** Data extract follows **
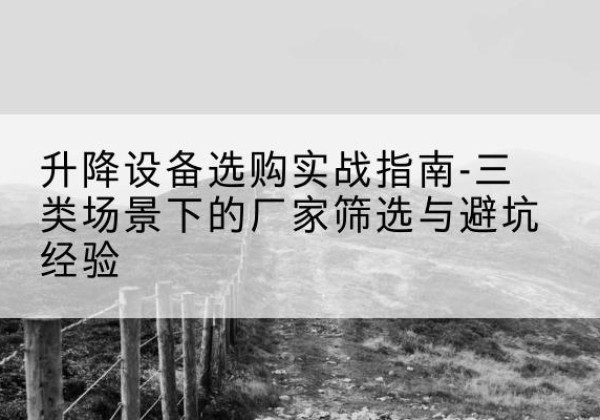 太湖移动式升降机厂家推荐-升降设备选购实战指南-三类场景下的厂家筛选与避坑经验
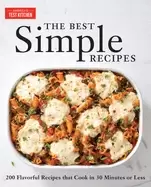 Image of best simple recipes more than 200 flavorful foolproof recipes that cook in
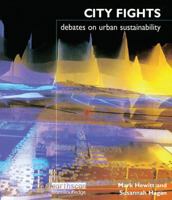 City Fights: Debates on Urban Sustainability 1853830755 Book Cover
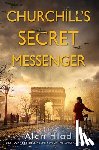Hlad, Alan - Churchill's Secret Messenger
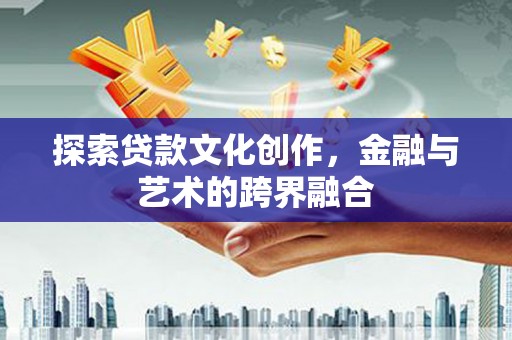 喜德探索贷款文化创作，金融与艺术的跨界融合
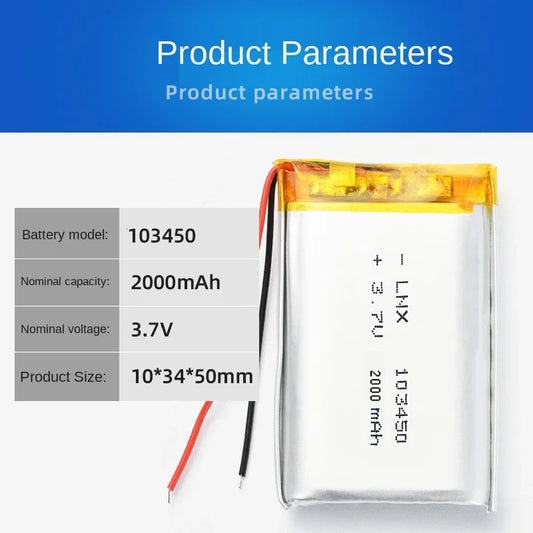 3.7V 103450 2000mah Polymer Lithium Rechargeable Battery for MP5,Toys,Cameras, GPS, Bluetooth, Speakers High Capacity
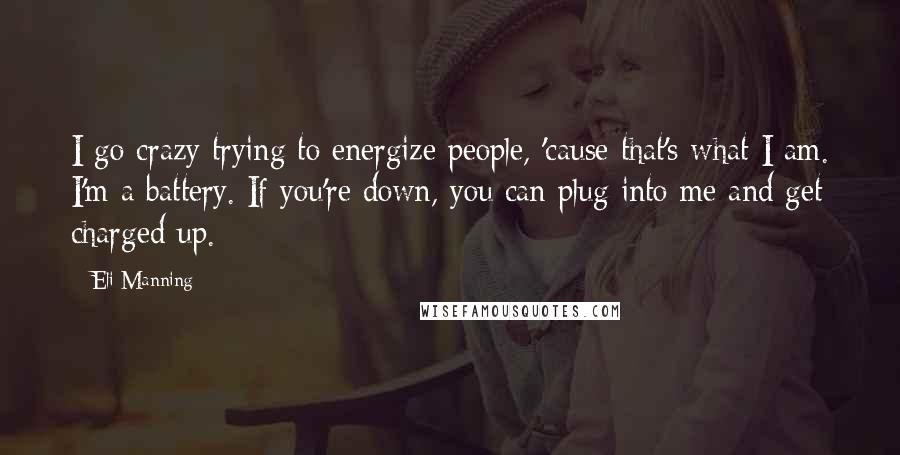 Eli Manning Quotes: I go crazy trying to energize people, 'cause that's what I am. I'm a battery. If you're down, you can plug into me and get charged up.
** End of Data extract **
** Data extract follows **
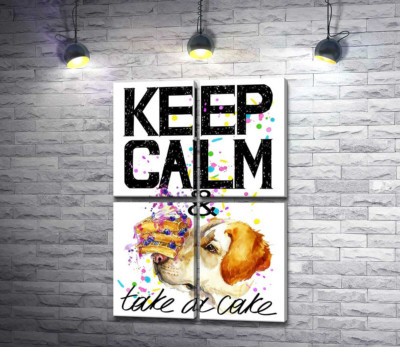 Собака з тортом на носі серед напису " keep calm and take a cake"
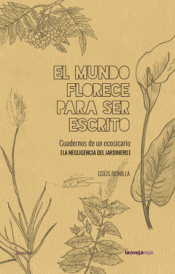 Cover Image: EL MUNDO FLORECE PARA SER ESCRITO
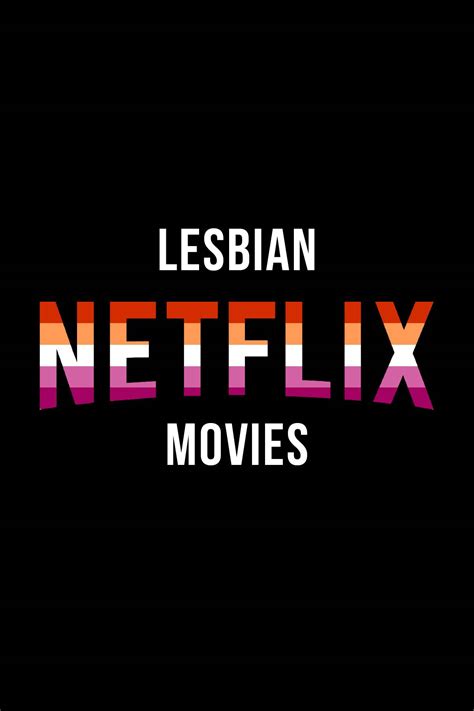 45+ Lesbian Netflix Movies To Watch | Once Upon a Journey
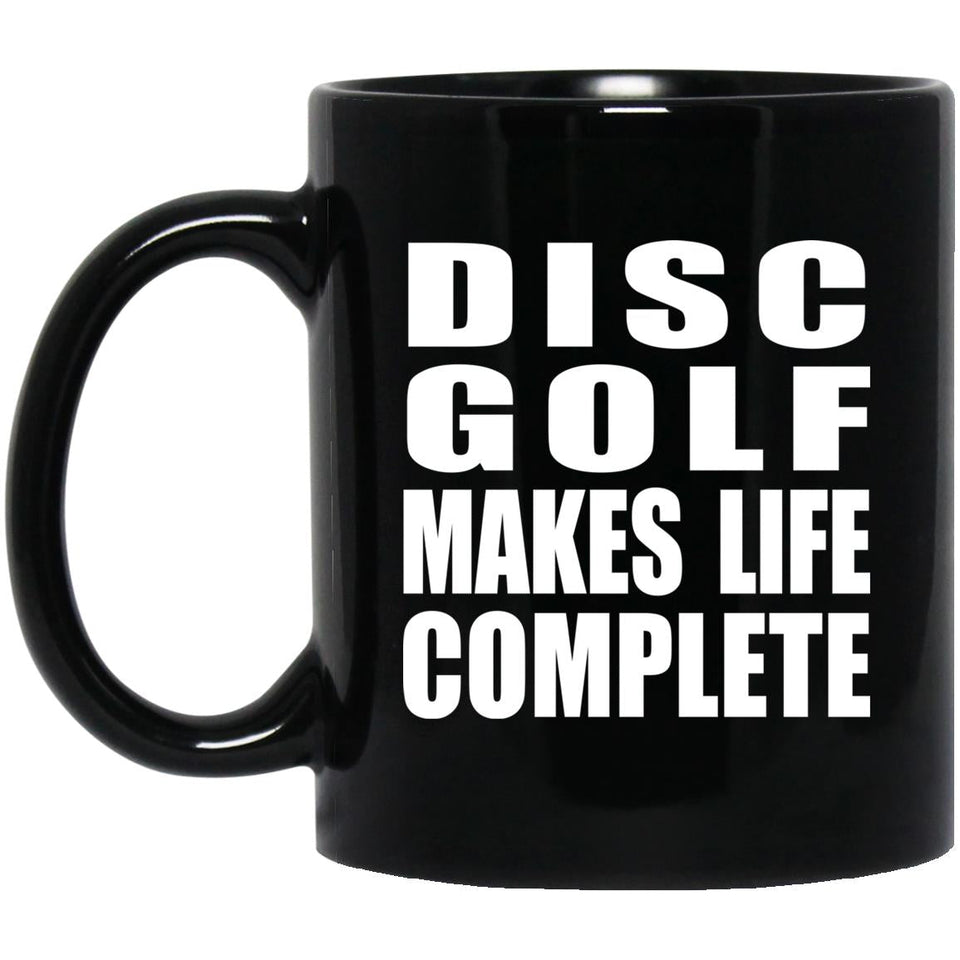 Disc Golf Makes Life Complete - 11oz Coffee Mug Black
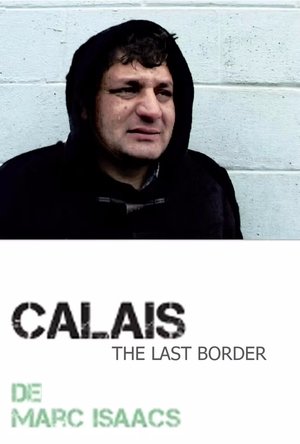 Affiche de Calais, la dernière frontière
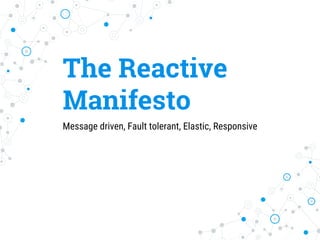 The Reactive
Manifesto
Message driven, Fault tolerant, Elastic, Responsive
** End of Data extract **
Work to be completed ->
Retype the lines above exactly as they appear, from the line containing "太湖移动式升降机厂家推荐-升降设备选购实战指南-三类场景下的厂家筛选与避坑经验" through the line containing "Eli Manning Quotes: I", and leave out any pictures.

Written reply ->
 太湖移动式升降机厂家推荐-升降设备选购实战指南-三类场景下的厂家筛选与避坑经验
 Image of best simple recipes more than 200 flavorful foolproof recipes that cook in
 City Fights: Debates on Urban Sustainability 1853830755 Book Cover
Hlad, Alan - Churchill's Secret Messenger
 喜德探索贷款文化创作，金融与艺术的跨界融合
 3.7V 103450 2000mah Polymer Lithium Rechargeable Battery for MP5,Toys,Cameras, GPS, Bluetooth, Speakers High Capacity
 Eli Manning Quotes: I go crazy trying to energize people, 'cause that's what I am. I'm a battery. If you're down, you can plug into me and get charged up.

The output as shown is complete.